▶ WHAT THIS TASK INVOLVES
Within the lines below, find those that hold the string "into" and copy each one.

[Stored records]
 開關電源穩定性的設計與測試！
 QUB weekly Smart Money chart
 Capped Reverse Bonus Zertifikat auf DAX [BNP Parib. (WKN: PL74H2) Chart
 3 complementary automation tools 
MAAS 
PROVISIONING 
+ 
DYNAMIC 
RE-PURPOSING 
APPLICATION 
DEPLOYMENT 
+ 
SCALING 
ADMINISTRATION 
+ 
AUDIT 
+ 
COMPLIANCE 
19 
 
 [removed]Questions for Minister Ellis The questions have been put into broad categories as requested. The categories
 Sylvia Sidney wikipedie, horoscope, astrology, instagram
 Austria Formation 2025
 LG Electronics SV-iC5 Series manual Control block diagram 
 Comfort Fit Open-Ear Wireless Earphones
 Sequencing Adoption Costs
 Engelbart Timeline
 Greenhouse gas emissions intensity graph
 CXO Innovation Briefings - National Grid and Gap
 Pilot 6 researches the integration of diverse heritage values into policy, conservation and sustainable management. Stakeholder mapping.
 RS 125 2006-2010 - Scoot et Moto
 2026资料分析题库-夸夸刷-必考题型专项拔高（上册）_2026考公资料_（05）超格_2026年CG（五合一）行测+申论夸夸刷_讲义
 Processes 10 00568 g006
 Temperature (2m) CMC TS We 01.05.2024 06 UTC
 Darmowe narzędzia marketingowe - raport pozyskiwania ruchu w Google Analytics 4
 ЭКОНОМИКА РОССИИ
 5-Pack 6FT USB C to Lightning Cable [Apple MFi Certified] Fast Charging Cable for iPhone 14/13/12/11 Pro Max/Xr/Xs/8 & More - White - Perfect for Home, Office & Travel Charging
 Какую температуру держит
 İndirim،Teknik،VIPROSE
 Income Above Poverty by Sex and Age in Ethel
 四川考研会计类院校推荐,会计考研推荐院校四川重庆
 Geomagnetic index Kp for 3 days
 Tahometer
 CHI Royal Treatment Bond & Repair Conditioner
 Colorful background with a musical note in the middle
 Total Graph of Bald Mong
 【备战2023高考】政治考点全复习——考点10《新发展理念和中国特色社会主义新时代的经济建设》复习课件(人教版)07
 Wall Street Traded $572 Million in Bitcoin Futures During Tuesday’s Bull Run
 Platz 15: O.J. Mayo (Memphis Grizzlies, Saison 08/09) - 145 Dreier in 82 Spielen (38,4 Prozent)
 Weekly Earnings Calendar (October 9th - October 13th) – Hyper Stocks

▶ ANSWER SECTION
 [removed]Questions for Minister Ellis The questions have been put into broad categories as requested. The categories
 Pilot 6 researches the integration of diverse heritage values into policy, conservation and sustainable management. Stakeholder mapping.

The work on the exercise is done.